Image caption Oguzhan Tarakcioglu's haulage trucks aren't as busy as they used to be

Across the city, Oguzhan Tarakcioglu surveys the bays of empty haulage trucks at logistics firm Me-Tol International.

Mr Tarakcioglu's firm runs a fleet of 100 lorries, transporting Turkish goods to customers as far afield as Finland and the Baltic states. The past few years have seen orders to its traditional core markets in Germany and the Netherlands drain away.

"Services are smaller," he says. "Everybody is trying to decrease their prices. Oil prices are higher and road taxes are higher - and there are fewer loads too. So it looks like [we are] wasting time.

"We used to give customers 30 to 40 days' payment terms, but now it is up to three or four months to get paid. And sometimes we don't even get the money," he says.
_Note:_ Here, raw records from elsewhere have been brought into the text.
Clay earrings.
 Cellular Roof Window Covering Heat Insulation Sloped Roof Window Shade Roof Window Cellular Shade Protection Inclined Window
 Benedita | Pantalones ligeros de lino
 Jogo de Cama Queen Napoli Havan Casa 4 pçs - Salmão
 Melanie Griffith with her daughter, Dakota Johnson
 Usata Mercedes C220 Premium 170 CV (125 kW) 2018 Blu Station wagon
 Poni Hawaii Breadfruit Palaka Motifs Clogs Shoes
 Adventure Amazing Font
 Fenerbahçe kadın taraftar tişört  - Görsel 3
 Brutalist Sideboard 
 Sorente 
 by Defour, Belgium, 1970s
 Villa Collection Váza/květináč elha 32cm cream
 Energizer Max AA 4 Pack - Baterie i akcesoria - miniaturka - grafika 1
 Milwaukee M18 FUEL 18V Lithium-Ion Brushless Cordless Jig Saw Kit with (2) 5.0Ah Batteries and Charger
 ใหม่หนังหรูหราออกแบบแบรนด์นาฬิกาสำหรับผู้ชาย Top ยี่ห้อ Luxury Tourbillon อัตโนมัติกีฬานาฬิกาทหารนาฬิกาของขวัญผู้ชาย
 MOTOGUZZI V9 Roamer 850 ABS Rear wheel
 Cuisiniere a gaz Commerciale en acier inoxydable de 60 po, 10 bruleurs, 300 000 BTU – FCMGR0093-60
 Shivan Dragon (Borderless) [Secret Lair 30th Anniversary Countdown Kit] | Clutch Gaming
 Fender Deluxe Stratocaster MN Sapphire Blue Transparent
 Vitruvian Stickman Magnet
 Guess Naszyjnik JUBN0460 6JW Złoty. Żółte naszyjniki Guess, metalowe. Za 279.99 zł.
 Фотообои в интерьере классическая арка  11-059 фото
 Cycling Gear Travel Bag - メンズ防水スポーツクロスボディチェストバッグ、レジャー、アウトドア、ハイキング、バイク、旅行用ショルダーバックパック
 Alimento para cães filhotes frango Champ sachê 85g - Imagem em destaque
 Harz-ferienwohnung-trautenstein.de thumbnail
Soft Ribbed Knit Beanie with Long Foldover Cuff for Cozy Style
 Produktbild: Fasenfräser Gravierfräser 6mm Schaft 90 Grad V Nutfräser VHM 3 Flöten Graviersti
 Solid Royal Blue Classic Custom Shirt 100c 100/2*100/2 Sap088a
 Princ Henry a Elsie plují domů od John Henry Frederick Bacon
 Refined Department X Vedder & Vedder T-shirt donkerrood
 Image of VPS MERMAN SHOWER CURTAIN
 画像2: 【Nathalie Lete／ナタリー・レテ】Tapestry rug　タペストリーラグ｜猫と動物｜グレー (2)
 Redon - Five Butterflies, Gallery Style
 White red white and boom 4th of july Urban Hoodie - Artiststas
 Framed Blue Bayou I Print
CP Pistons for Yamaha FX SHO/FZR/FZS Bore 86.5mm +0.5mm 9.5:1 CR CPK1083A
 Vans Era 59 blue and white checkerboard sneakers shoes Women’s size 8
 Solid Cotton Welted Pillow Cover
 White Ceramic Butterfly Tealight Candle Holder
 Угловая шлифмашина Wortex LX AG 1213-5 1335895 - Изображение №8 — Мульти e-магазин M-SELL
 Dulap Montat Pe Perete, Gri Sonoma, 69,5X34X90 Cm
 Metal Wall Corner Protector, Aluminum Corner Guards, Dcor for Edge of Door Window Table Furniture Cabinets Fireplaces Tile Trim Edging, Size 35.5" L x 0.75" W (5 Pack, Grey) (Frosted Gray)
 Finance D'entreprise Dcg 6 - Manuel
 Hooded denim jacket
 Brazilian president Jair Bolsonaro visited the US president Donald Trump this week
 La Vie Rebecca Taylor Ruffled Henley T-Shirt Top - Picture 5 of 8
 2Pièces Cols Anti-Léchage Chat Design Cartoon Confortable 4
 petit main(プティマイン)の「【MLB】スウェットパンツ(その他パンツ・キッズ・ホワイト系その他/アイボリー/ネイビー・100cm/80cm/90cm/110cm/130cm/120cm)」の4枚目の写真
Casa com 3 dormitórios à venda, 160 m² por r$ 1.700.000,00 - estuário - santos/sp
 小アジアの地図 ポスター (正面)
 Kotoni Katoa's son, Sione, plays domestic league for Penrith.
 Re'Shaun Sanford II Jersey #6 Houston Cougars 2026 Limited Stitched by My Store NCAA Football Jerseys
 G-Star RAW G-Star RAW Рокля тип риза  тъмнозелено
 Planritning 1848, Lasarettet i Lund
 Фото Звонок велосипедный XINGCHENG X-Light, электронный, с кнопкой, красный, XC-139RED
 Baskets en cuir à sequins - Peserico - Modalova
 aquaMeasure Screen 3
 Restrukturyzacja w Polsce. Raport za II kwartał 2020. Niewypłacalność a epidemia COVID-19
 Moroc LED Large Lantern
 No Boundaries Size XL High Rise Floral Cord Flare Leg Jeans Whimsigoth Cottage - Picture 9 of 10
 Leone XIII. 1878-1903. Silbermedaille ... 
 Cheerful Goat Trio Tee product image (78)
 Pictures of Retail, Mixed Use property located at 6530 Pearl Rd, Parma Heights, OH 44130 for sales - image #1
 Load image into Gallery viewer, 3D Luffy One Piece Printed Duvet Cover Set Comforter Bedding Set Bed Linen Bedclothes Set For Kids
Like many Turkish firms at the sharp end of the export industry, Me-Tol International Logistics is now refocusing on new destinations.

So what is Mr Tarakcioglu's most profitable market now? "We can say it is Belarus," he replies. "It is a non-eurozone country. It is quite stable for us."

Contagion spreads

Until recently, Turkey had emerged as one of the strongest survivors of the global financial meltdown. Now the problems in the eurozone are being felt here, too.

In 2011, GDP rose to more than 8%, but by last year, that breakneck growth had slowed to just over 2%. In April, blaming what it called "ongoing uncertainties regarding the global economy", the Turkish Central Bank surprised analysts by cutting interest rates by 50 basis points (half of one percentage point).

Image caption Economist Nilufer Sezgin expects Turkish interest rates to come down

Nilufer Sezgin, chief economist at Turkey's Erste Securities, says another rate cut is almost certain.

"We expect another 25 basis points in May," she told Business Daily. "In the current global growth environment, although Turkey manages to diversify its exports towards other regions like the Middle East and North Africa from Europe for instance, the [outlook] is still weak."

Meanwhile, at Me-Tol International, Oguzhan Tarakcioglu is concentrating on what he believes will be Turkey's next biggest export market.

"It is Africa," he says firmly. "North Africa, South Africa, everywhere in the African continent.

"You get paid in cash, you get your money when you deliver the goods, there is no problem with the payments, no delay. But in the eurozone we built our business on a trust base and now it is very hard to trust anyone in the eurozone."